13) Explainability & Evidence Bundle

For each alert:

Rule hits (IDs and descriptions) + parameters used.
Feature snapshot (values and global percentiles).
Model version, training data timestamp, SHAP top contributors (for supervised models).
Raw data links (transaction, member, loan, vendor records) with immutable IDs.
Decision log (who viewed, actions taken, comments) for full traceability.

14) Dashboard & Workflow (MVP requirements)

Alert inbox: filters (date, branch, product, channel, risk band), bulk actions, assignments.
Drill‑down: transaction trace, member summary, related network, SHAP chart, rule hits, evidence export.
Case management: status, SLA timers, escalation, attachments, audit trail.
Monitoring: daily counts, precision@K, acceptance rate, drift indicators, top rules by hit rate.

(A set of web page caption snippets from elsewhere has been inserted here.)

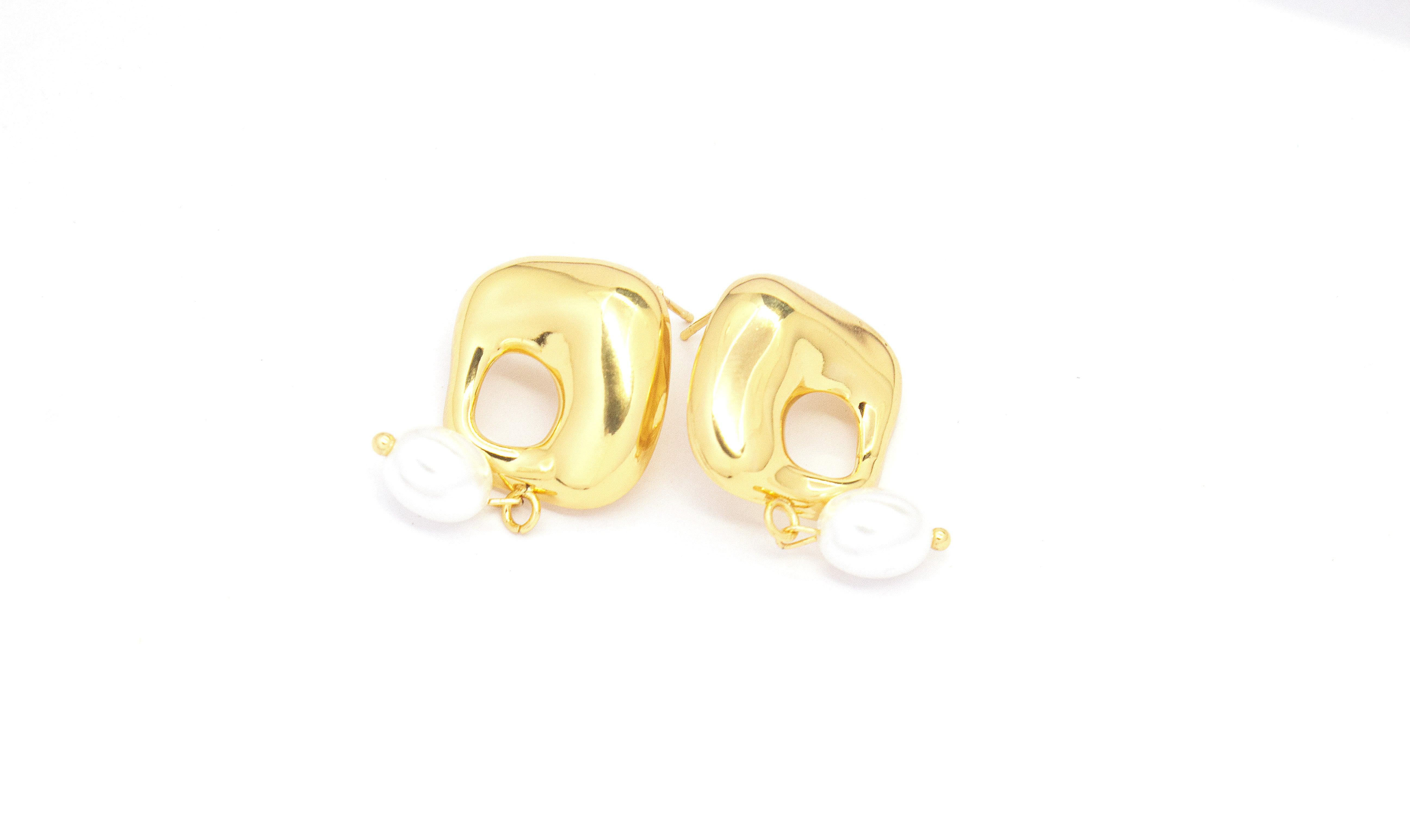 MODERN GOLD HOLLOW PEARL STUDS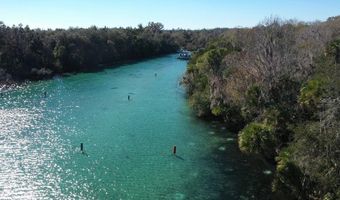 1640 JUNO Trl 205A, Astor, FL 32102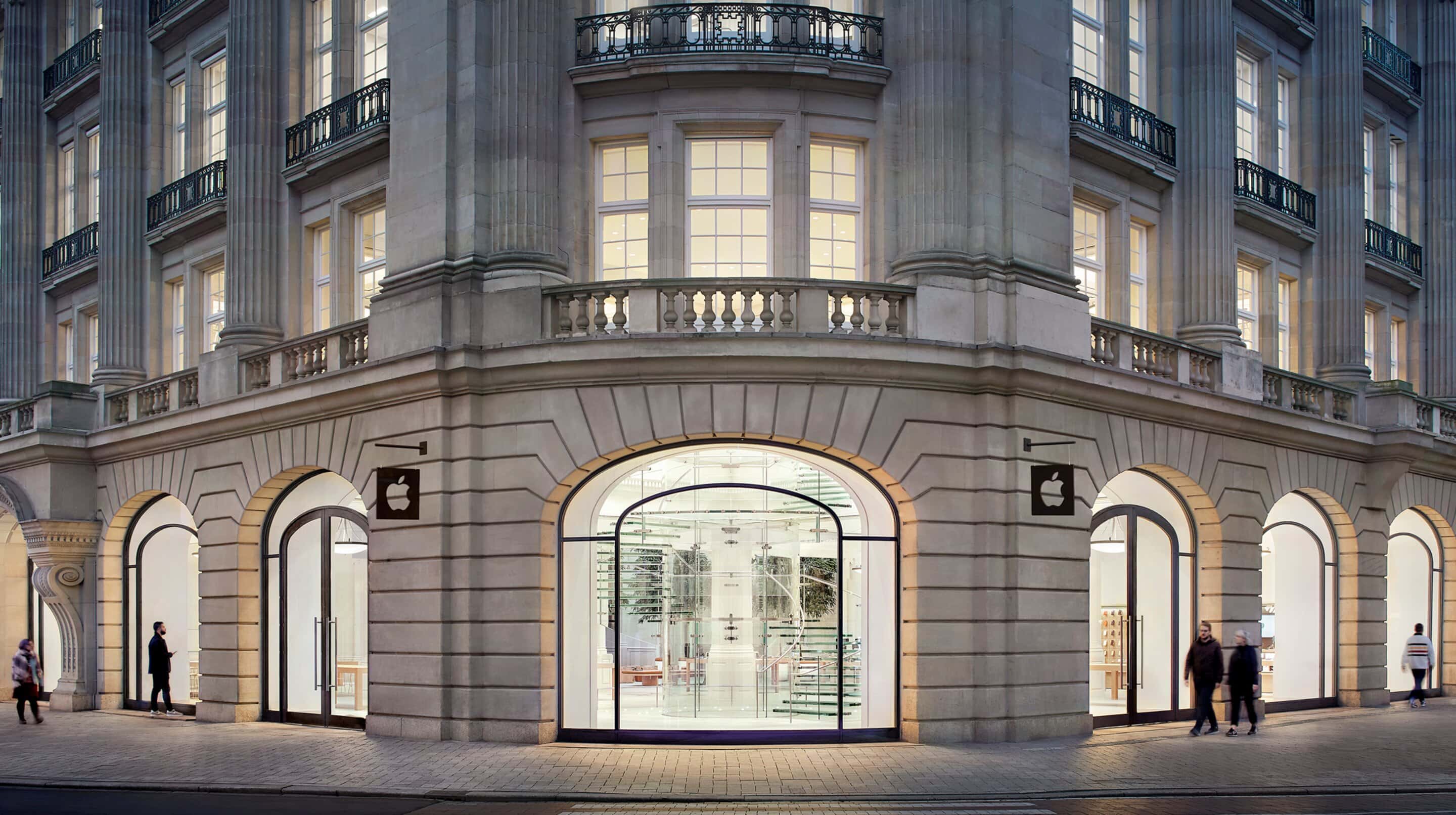 Apple Leidseplein store in Amsterdam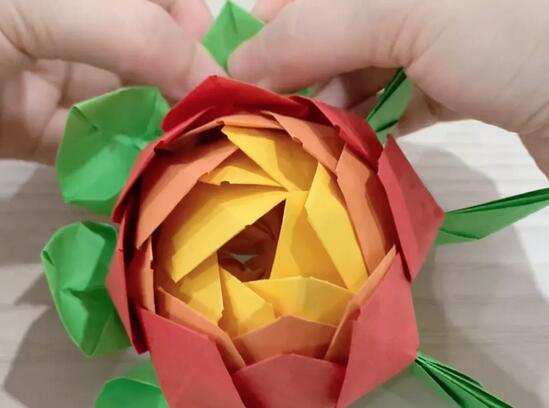 宝莲灯怎么折？宝莲灯的折法简单又漂亮（宝莲灯折纸附图解）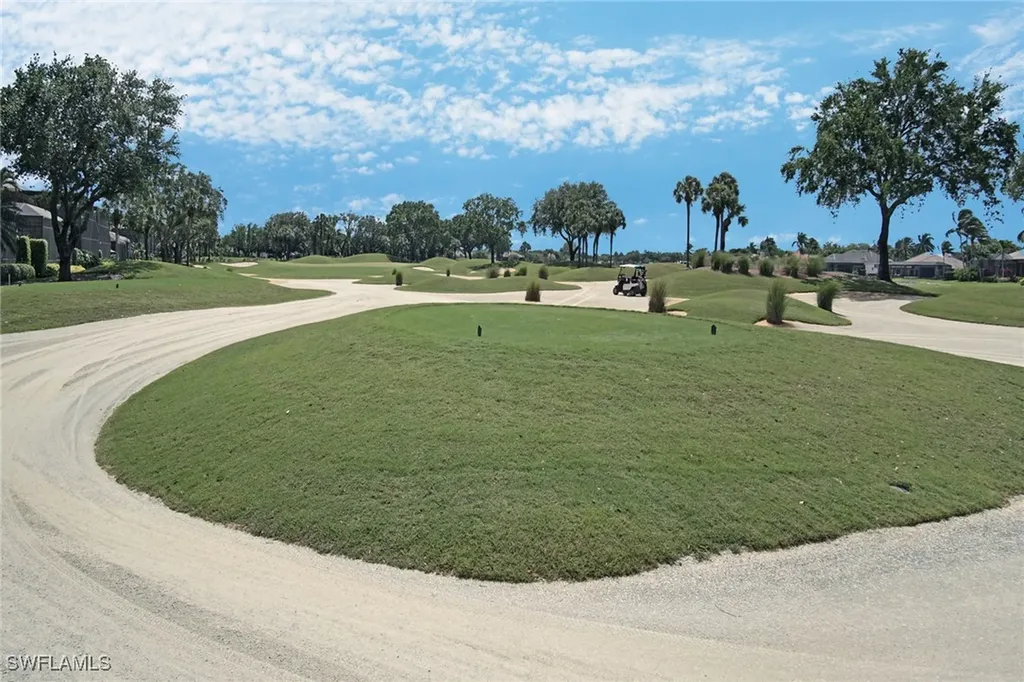 4248 Kensington High Street Naples FL 34105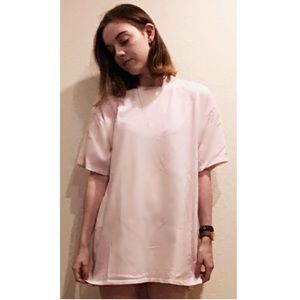 Cute and simple pale pink T-shirt dress.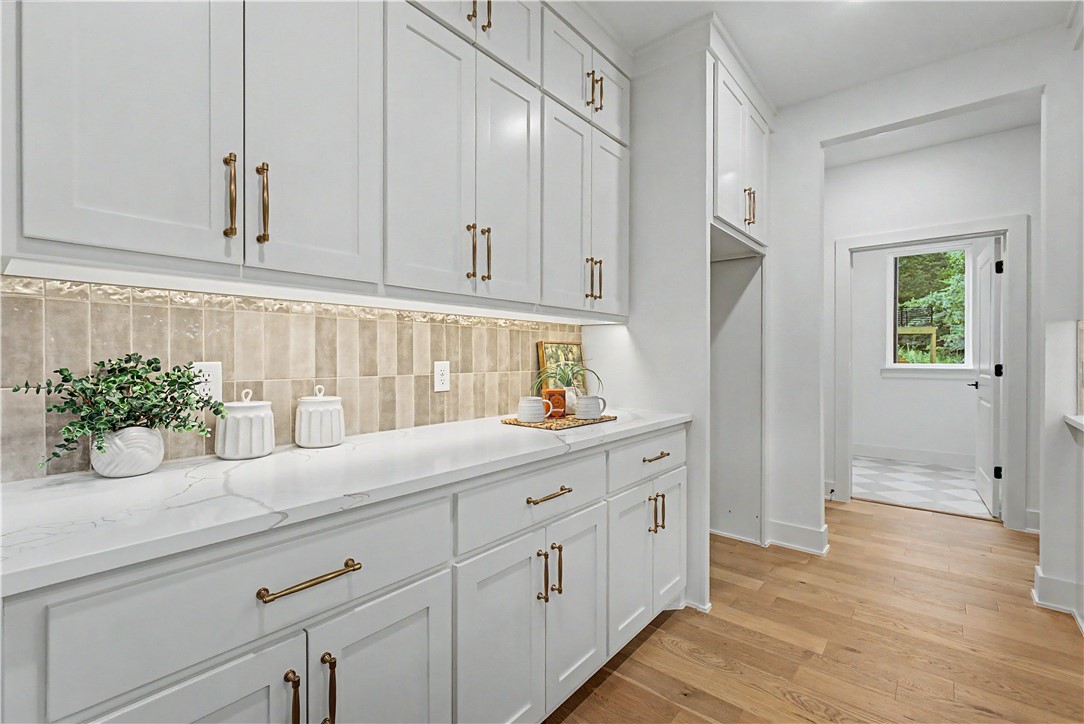 Lands End - Residential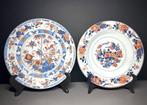 SET VAN 2 CHINESE IMARI VERGULDE BORDEN, KANGXI-PERIODE,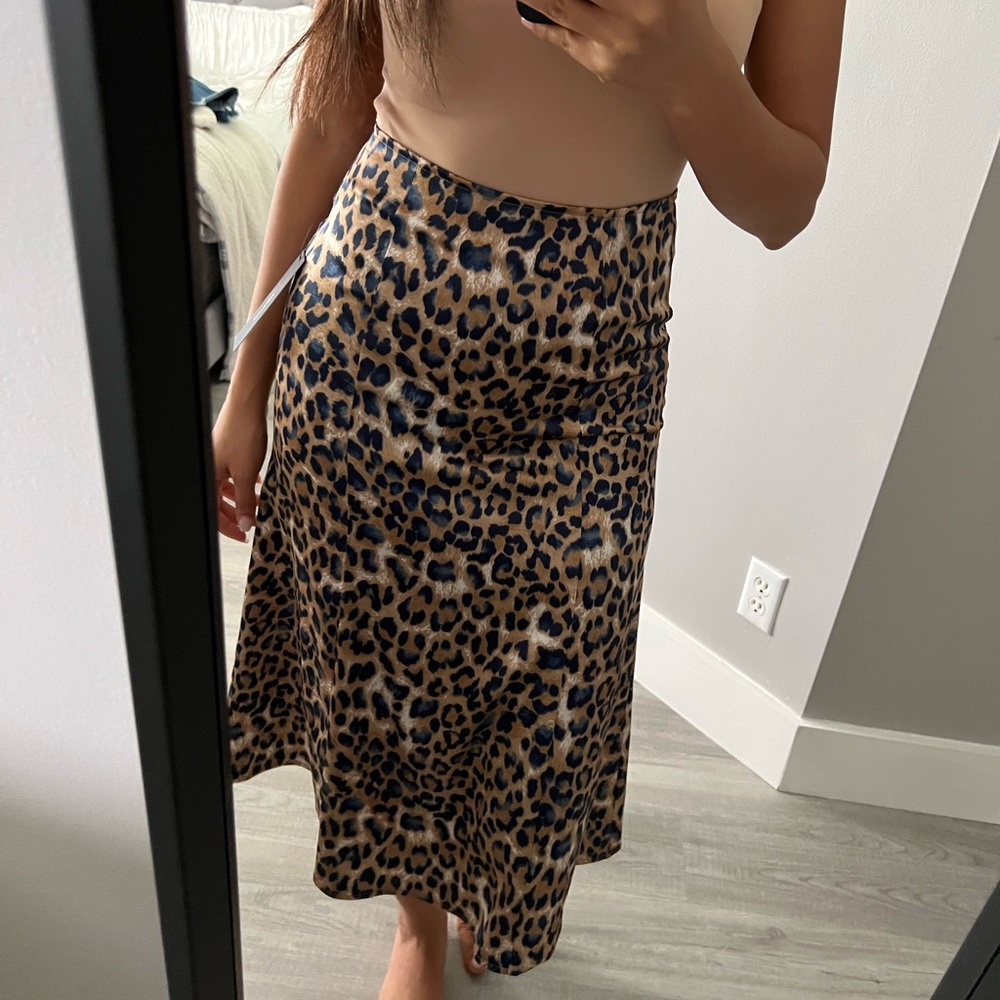 Lulu’s leopard midi skirt in XS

15) Security & Access Controls

Role‑based/attribute‑based access; branch scoping.
Encryption at rest and in transit; secrets in vault; tokenized PII.
Immutable evidence storage and log retention per policy.
Maker‑checker on high‑risk actions; dual control for threshold changes.

16) Risks & Mitigations

Data quality: build validation tests (freshness, nulls, referential integrity) and fail‑closed on anomalies.
Label sparsity: leverage rules + weak supervision; active learning from analyst feedback.
Concept drift: monthly backtests; automated alerts; retrain gates.
Explainability: prefer simpler, stable models for production; SHAP and rule hits for narratives.

17) Resourcing & Tools (suggested)

Team: 1 data engineer, 1 ML engineer, 1 data scientist, 1 internal auditor product owner.
Stack (illustrative): Warehouse (BigQuery/Snowflake/Postgres), dbt, Spark/Pandas, Airflow/Prefect, MLflow, LightGBM/XGBoost, Kafka (optional), Metabase/Power BI for UI.

18) Next Steps Checklist

[ ] Confirm use‑case scope for Phase 1 (pick 2–3 domains).
[ ] Approve data access & governance plan.
[ ] Stand up staging area + feature views.
[ ] Implement 30 baseline rules; ship weekly exception reports.
[ ] Train Isolation Forest; tune contamination via backtests.
[ ] If labels exist, train supervised model; calibrate thresholds.
[ ] Deliver MVP dashboard + evidence export.
[ ] UAT with Internal Audit; tune; go‑live.